(DIRECTIONS FOR THIS TASK)
Print the whole listing again exactly, keeping no pictures in it.

(DATA BLOCK)
※ ※ ※
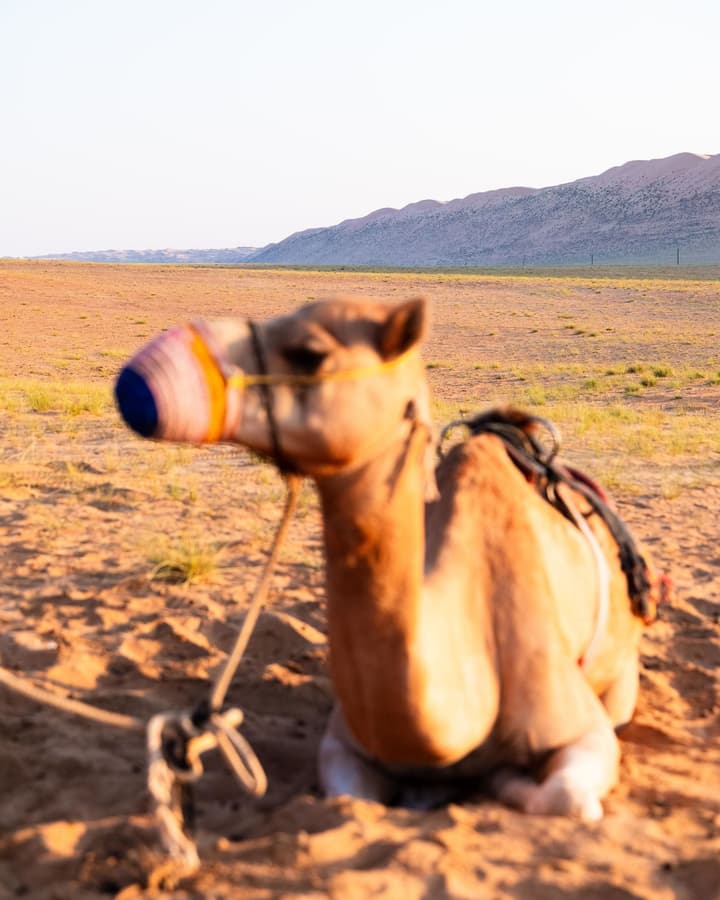 Thousand Nights-Ash Sharqiyah Sands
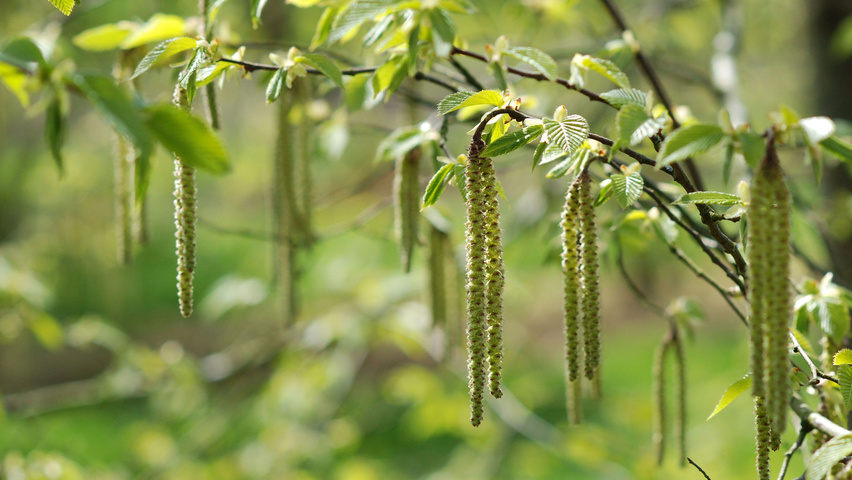 Ostrya carpinifolia Blumen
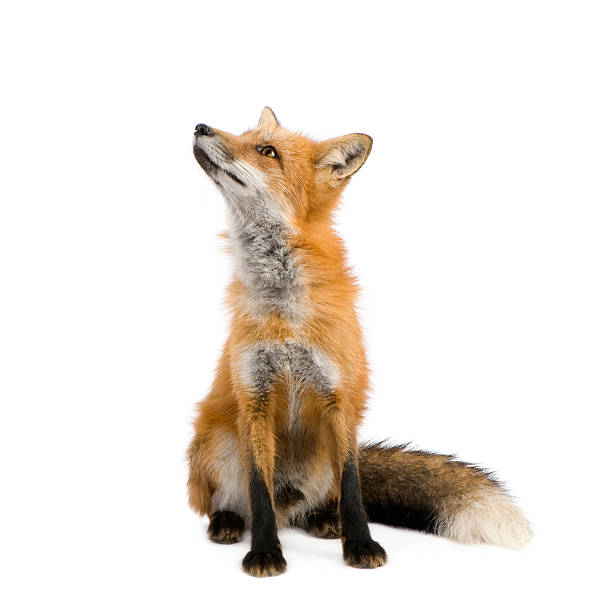 red fox (4 ans - renard photos et images de collection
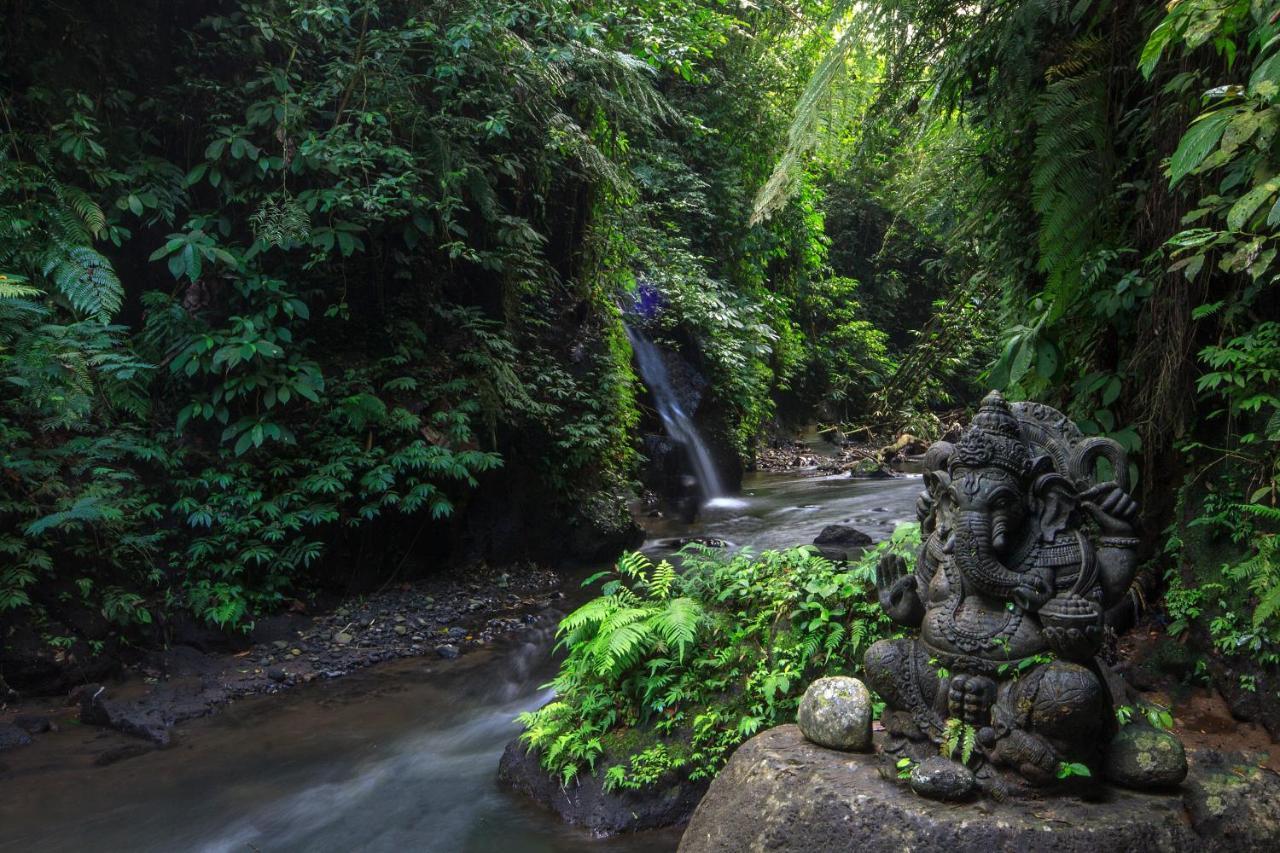 Bali Jungle Resort Тегаллаланг Экстерьер фото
※ ※ ※
(TASK RESULT)
 Thousand Nights-Ash Sharqiyah Sands
 Ostrya carpinifolia Blumen
 red fox (4 ans - renard photos et images de collection
 Bali Jungle Resort Тегаллаланг Экстерьер фото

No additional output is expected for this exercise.